Os próprios pioneiros mal podem acreditar na audácia daquilo que estão fazendo. É como se um novo Antigo Testamento estivesse sendo escrito. Mas não há tempo algum para contemplação. Chegam três tratores norte-americanos obsoletos, enviados de Tel Aviv pelo Movimento Trabalhista sionista. Chegam doze cavalos húngaros fortes e de raça pura, comprados em algum lugar da Galileia. Assim, os rapazes já podem começar seu trabalho.

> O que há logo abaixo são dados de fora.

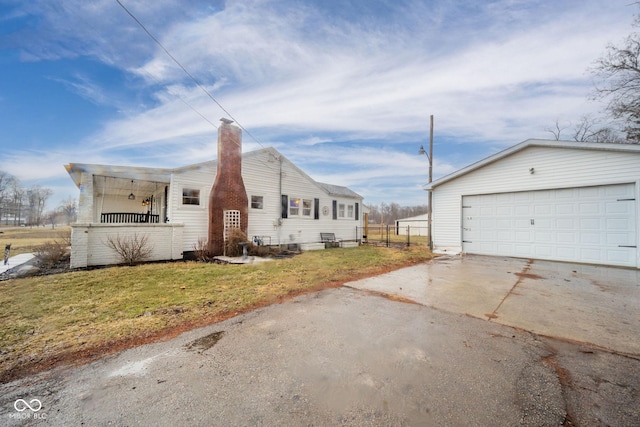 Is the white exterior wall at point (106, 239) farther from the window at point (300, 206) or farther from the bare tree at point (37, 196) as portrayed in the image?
the window at point (300, 206)

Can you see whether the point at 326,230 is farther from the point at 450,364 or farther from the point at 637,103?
the point at 637,103

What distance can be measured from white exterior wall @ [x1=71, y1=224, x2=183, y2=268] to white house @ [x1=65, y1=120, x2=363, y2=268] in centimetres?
2

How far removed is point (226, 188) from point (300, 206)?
453 centimetres

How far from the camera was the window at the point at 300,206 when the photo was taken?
527 inches

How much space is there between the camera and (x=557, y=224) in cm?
885

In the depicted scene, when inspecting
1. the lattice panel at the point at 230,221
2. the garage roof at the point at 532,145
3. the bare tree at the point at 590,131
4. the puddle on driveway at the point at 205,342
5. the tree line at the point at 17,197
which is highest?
the bare tree at the point at 590,131

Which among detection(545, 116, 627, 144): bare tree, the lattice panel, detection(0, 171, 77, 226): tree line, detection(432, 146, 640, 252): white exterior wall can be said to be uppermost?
detection(545, 116, 627, 144): bare tree

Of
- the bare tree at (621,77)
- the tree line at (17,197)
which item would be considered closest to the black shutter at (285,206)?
the tree line at (17,197)

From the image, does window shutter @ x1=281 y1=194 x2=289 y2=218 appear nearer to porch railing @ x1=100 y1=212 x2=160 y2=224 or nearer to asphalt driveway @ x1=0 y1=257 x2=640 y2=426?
porch railing @ x1=100 y1=212 x2=160 y2=224

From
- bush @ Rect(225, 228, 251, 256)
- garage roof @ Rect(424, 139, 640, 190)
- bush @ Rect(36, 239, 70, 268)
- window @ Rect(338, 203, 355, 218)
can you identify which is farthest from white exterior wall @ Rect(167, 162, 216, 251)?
garage roof @ Rect(424, 139, 640, 190)

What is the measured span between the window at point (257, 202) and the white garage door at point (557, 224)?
363 inches

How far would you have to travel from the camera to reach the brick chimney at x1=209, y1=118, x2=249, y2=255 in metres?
9.96

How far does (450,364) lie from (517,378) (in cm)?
52

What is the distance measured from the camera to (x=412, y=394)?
1965mm
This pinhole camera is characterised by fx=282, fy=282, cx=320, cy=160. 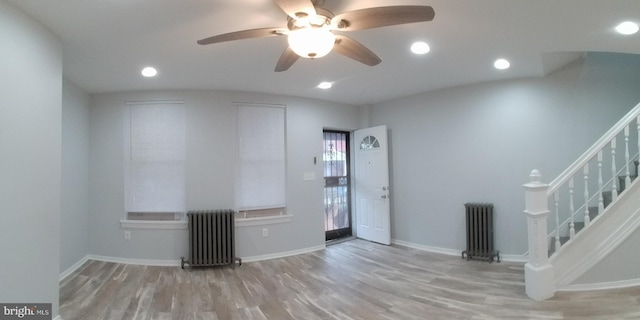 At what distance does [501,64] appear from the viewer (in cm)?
316

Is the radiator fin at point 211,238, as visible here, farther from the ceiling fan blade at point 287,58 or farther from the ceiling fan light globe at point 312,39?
the ceiling fan light globe at point 312,39

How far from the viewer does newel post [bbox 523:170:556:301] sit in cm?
256

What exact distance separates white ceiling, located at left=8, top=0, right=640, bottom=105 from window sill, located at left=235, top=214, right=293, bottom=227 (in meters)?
1.85

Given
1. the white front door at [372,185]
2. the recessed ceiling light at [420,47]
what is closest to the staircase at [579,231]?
the recessed ceiling light at [420,47]

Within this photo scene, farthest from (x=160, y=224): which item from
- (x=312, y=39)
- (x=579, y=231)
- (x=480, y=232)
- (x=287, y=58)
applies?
(x=579, y=231)

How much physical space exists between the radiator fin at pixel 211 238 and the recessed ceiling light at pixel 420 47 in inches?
116

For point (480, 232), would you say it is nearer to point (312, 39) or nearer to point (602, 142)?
point (602, 142)

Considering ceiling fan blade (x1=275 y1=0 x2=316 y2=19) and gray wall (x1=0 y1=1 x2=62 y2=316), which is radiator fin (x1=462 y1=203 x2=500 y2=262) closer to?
ceiling fan blade (x1=275 y1=0 x2=316 y2=19)

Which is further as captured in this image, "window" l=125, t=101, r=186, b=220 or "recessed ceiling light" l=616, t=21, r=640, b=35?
"window" l=125, t=101, r=186, b=220

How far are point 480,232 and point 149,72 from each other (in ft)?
14.9

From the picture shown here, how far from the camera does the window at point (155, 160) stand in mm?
3834

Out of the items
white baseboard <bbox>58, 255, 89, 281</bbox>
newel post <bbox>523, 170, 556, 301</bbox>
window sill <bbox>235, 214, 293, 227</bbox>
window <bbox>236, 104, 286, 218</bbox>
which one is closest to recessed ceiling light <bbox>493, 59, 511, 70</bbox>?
newel post <bbox>523, 170, 556, 301</bbox>

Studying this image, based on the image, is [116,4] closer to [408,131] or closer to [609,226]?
[408,131]

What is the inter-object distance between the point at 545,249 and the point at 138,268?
4.58 m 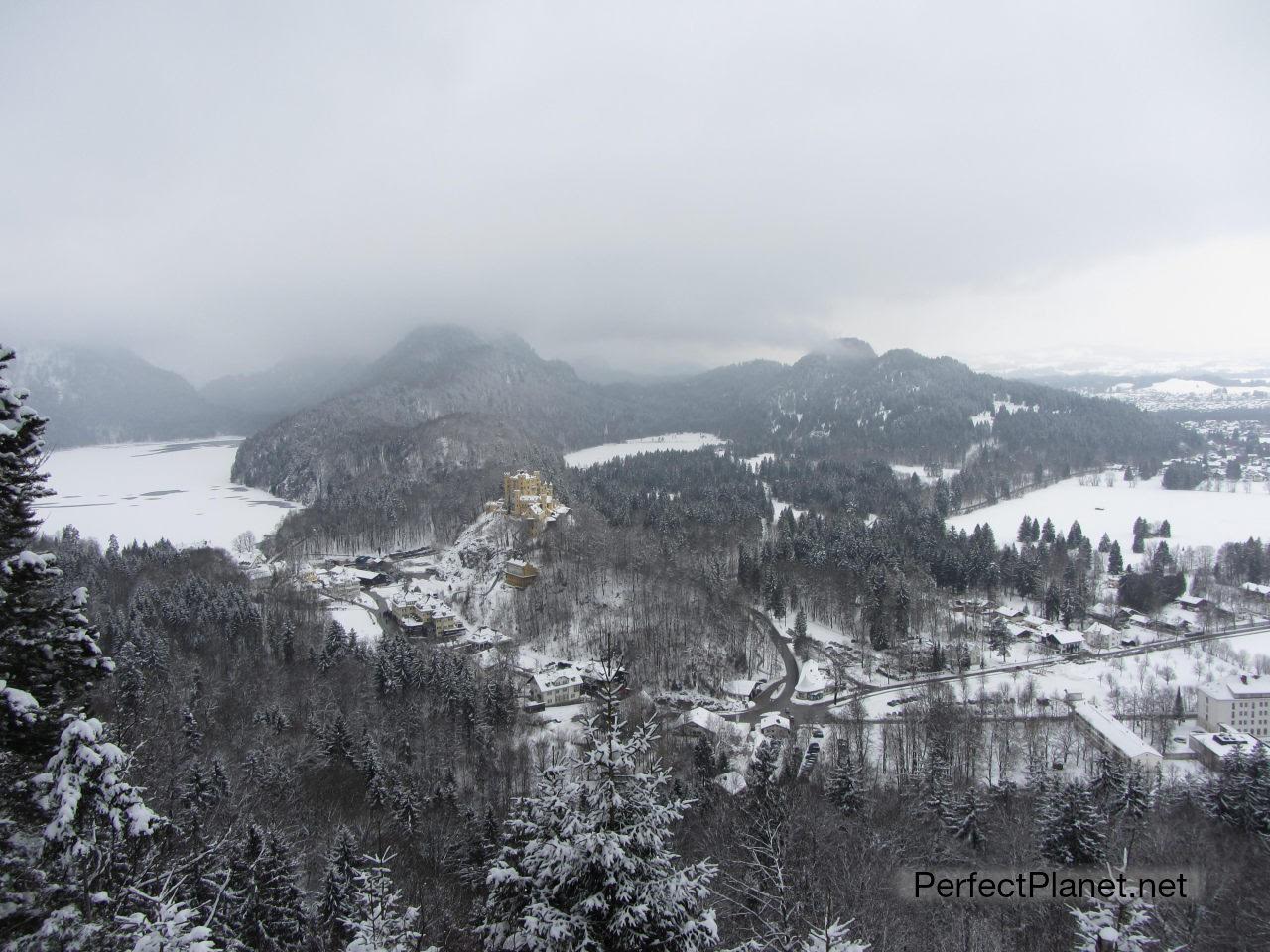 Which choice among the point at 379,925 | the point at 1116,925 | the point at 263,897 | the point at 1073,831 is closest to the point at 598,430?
the point at 1073,831

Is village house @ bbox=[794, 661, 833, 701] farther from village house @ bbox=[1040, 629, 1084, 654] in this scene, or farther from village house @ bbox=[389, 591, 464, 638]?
village house @ bbox=[389, 591, 464, 638]

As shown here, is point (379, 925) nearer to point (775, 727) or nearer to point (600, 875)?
point (600, 875)

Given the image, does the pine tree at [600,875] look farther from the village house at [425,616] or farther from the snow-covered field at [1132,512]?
the snow-covered field at [1132,512]

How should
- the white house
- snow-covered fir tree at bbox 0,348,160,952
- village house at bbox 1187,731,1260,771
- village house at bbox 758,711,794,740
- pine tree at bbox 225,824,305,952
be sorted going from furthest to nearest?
the white house
village house at bbox 758,711,794,740
village house at bbox 1187,731,1260,771
pine tree at bbox 225,824,305,952
snow-covered fir tree at bbox 0,348,160,952

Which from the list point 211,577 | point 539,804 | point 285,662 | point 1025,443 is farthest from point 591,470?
point 539,804

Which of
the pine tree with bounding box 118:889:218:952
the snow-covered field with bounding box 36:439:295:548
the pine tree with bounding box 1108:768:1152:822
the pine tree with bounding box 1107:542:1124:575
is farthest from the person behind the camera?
the snow-covered field with bounding box 36:439:295:548

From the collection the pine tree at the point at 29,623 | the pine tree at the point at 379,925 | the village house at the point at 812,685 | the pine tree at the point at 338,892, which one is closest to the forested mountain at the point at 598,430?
the village house at the point at 812,685

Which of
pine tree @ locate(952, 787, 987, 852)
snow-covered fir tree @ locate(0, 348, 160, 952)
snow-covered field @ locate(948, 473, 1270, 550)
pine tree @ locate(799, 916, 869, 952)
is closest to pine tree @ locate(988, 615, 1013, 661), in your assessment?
pine tree @ locate(952, 787, 987, 852) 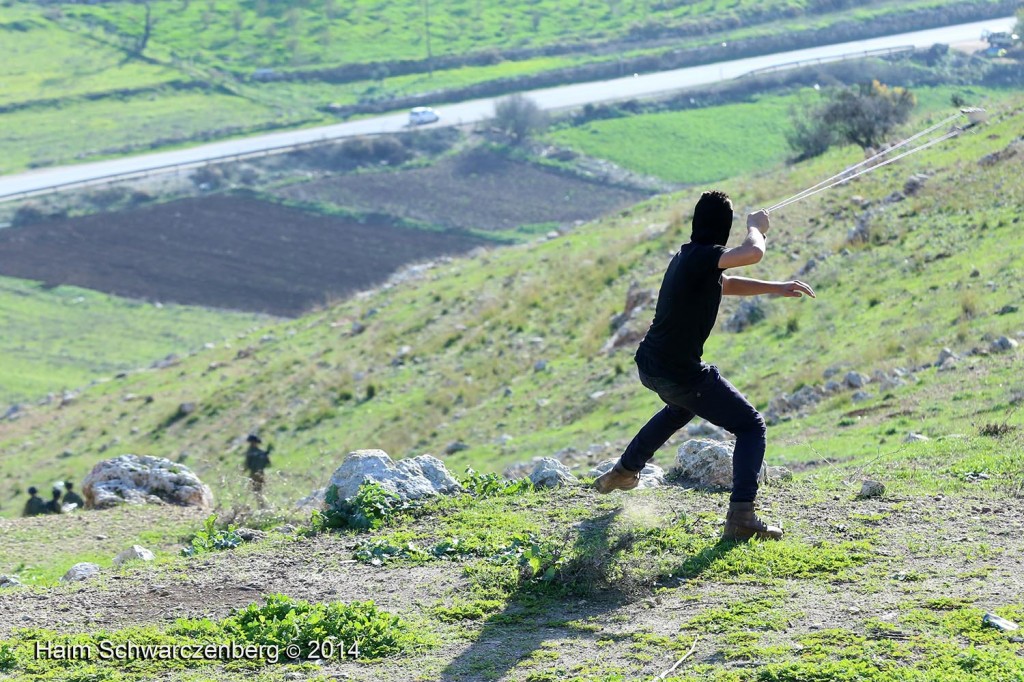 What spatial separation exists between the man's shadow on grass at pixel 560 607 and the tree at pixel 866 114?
30.9 m

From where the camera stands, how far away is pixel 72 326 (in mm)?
50688

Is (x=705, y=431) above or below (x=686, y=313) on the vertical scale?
below

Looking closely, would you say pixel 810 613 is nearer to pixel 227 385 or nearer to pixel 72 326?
pixel 227 385

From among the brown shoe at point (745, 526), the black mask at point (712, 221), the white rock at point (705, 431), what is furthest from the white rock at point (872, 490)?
the white rock at point (705, 431)

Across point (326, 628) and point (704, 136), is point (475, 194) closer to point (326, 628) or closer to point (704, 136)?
point (704, 136)

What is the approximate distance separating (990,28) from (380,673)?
313 feet

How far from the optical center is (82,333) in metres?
49.7

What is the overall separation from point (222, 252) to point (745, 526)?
54885mm

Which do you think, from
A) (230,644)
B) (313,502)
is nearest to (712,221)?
(230,644)

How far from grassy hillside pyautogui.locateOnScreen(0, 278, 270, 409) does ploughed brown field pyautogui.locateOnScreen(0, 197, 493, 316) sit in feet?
4.82

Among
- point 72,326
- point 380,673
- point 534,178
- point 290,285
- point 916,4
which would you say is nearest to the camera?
point 380,673

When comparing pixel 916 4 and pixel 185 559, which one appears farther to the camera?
pixel 916 4

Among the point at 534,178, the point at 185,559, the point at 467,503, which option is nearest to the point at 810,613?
the point at 467,503

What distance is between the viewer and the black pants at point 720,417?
820cm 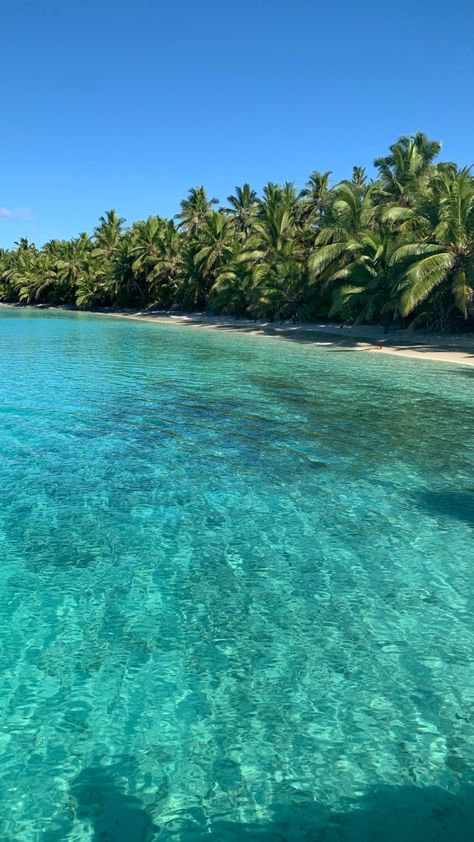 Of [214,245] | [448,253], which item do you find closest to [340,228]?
[448,253]

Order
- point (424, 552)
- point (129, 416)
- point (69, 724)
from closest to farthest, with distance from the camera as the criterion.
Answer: point (69, 724) → point (424, 552) → point (129, 416)

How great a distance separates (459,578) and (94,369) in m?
18.2

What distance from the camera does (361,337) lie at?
3550cm

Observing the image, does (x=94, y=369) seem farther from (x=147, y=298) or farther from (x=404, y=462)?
(x=147, y=298)

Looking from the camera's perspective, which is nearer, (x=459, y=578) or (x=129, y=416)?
(x=459, y=578)

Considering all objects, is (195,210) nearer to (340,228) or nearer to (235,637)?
(340,228)

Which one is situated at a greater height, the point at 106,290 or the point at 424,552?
the point at 106,290

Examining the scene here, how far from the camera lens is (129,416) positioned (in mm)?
13602

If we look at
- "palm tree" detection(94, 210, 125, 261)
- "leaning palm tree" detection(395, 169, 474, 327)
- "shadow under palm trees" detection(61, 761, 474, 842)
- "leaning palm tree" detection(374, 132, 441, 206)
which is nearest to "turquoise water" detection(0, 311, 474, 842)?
"shadow under palm trees" detection(61, 761, 474, 842)

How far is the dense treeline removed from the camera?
27188mm

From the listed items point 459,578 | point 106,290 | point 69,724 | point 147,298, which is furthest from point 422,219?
point 106,290

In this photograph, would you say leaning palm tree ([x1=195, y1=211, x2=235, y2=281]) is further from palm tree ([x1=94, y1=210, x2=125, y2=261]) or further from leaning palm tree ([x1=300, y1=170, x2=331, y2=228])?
palm tree ([x1=94, y1=210, x2=125, y2=261])

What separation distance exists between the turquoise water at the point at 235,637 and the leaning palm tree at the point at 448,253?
1664cm

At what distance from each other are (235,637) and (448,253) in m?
25.2
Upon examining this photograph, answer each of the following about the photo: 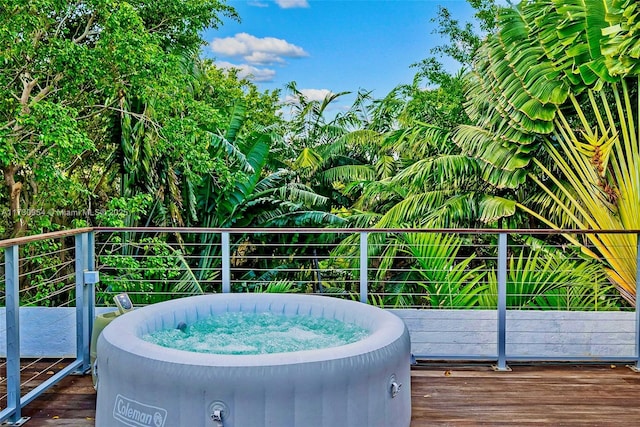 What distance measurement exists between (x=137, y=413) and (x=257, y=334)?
993 mm

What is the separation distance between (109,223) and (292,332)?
3070mm

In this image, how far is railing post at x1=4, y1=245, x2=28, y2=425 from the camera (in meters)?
2.46

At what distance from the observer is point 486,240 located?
591 cm

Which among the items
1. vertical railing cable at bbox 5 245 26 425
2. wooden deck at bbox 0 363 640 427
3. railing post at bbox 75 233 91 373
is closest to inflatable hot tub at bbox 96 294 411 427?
wooden deck at bbox 0 363 640 427

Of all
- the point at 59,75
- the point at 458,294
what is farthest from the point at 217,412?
the point at 59,75

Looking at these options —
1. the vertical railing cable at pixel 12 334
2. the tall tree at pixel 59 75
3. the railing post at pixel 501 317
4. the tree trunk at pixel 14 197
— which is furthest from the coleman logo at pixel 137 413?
the tree trunk at pixel 14 197

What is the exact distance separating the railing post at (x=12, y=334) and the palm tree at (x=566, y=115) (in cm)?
394

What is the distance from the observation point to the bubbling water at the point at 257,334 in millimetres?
2674

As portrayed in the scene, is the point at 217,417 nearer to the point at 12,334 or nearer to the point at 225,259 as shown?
the point at 12,334

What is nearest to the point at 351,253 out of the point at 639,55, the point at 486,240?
the point at 486,240

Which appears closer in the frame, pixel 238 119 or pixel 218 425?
pixel 218 425

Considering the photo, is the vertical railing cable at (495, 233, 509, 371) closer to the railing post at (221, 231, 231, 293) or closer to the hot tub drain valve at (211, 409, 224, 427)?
the railing post at (221, 231, 231, 293)

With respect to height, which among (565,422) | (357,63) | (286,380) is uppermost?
(357,63)

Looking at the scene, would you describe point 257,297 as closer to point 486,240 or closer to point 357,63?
point 486,240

Primeiramente removem pedregulhos e rochas dos campos. Em seguida plantam os primeiros bosques (de eucalipto e pinheiro). Depois estendem uma trilha de cascalho que liga o kibutz à estação de trem local. As moças plantam uma pequena horta. Nas edificações de pedras abandonadas de Ein Jaloud, os rapazes montam uma carpintaria, uma sapataria, uma oficina de soldagem e um curtume. Estabelece-se uma clínica para as primeiras vítimas da malária. Constrói-se um refeitório que servirá a todos, bem como uma padaria e uma biblioteca provisória. De algum lugar, de algum jeito, aparece um piano.

Dali a algumas semanas chega o dia que todo mundo estava esperando. Ao amanhecer, há uma comoção no novo refeitório. Reunidos ali, os madrugadores tomam chocolate quente e comem grossas fatias de pão com azeite ou geleia. Terminado o desjejum, os homens vão em marcha para os campos. Marcham em cadência militar, em fila única, cantando.

Os campos já foram desobstruídos de pedras, matos e plantas nativas cheias de espinhos, e então começa o grandioso espetáculo. Dois pares de cavalos húngaros atrelados a um moderno arado de ferro encabeçam a fila. Atrás deles seguem quatro pares de mulas árabes atreladas a arados locais. À medida que o comboio avança lentamente nos campos, as lâminas de ferro perfuram o terreno e geram sulco após sulco.

As lâminas do sol atingem as lâminas dos arados enquanto elas revolvem o solo do vale, penetrando a crosta da terra profunda do antigo vale. E, quando os arados começam a fazer seu trabalho, os judeus retornam à história e readquirem sua masculinidade: ao assumirem a lida física de cultivar a terra, eles se transformam de objetos em sujeitos, de passivos em ativos, de vítimas em soberanos.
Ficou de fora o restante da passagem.